Why We Can’t Have Liberty

A lot of conservatives have a problem with evolution.  They see a natural world with a lot of organized complexity, and they can’t conceive of that developing or operating without someone being in charge.  (How can uncontrolled processes produce something as complex as an eye?)  Without some kind of central control system to design and run it, things would quickly devolve into chaos.

A lot of progressives have a problem with markets.  They see an economic world with a lot of organized complexity, and they can’t conceive of that developing or operating without someone being in charge.  (How can uncontrolled processes produce something as complex as an iPhone?)  Without some kind of central control system to design and run it, things would quickly devolve into chaos.

But many of those same conservatives have no problem believing in markets; and many of those same progressives have no problem believing in evolution.  Which is fascinating, because they’re the same set of abstract processes occurring in different contexts.
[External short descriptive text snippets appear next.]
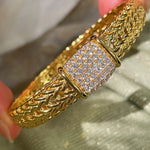 Italian Vintage - Inspired Braided Diamond Cuff Bracelet - floysun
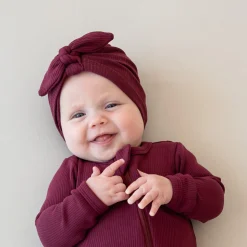 Kyte Baby Ribbed Headwrap in Burgundy Best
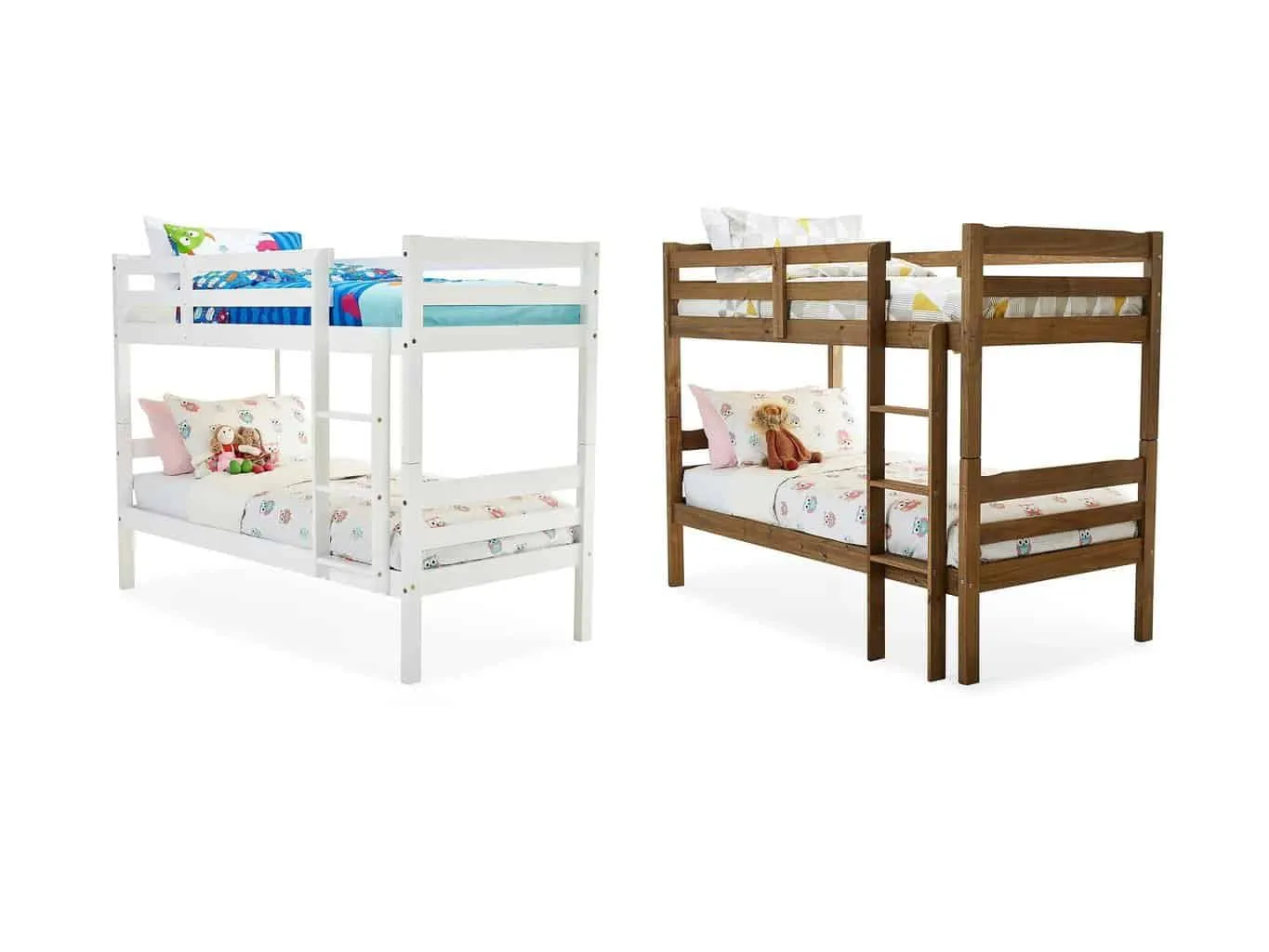 White and natural pine bunkbeds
Research in cognitive science shows that one of the hardest things for humans to do is take what they’ve learned in one domain, and transfer it to another domain.  The apparent ability to believe fervently in evolution but not markets, or in markets but not evolution, is one of my favorite examples of this.

My other favorite example has to do with power, and who can be trusted with it.  There’s no shortage of movies where the main theme is that some object that confers enormous power on the bearer has to be destroyed, because no one can be trusted to use it wisely.

So Harry Potter has to destroy the Sorcerer’s Stone.  Lara Croft has to destroy the Time Triangle.  Frodo Baggins has to destroy the One Ring. And in each case,  every viewer knows that this is what needs to be done.

But those same people, having cheered on the destruction of power too great for anyone to be trusted with, will walk out of theaters and into voting booths, where they will proceed to hand over the same kind of power to politicians.

Mark Twain said that ‘every civilization carries the seeds of its own destruction’.  Eventually, ‘the people invent their oppressors, and the oppressors serve the function for which they are invented’.

Just as people, on the whole, seem to be unable to imagine nature without gods, or an economy without czars, they seem to be unable to imagine themselves being able to live their own lives without choosing someone whose job is to tell them how to live it.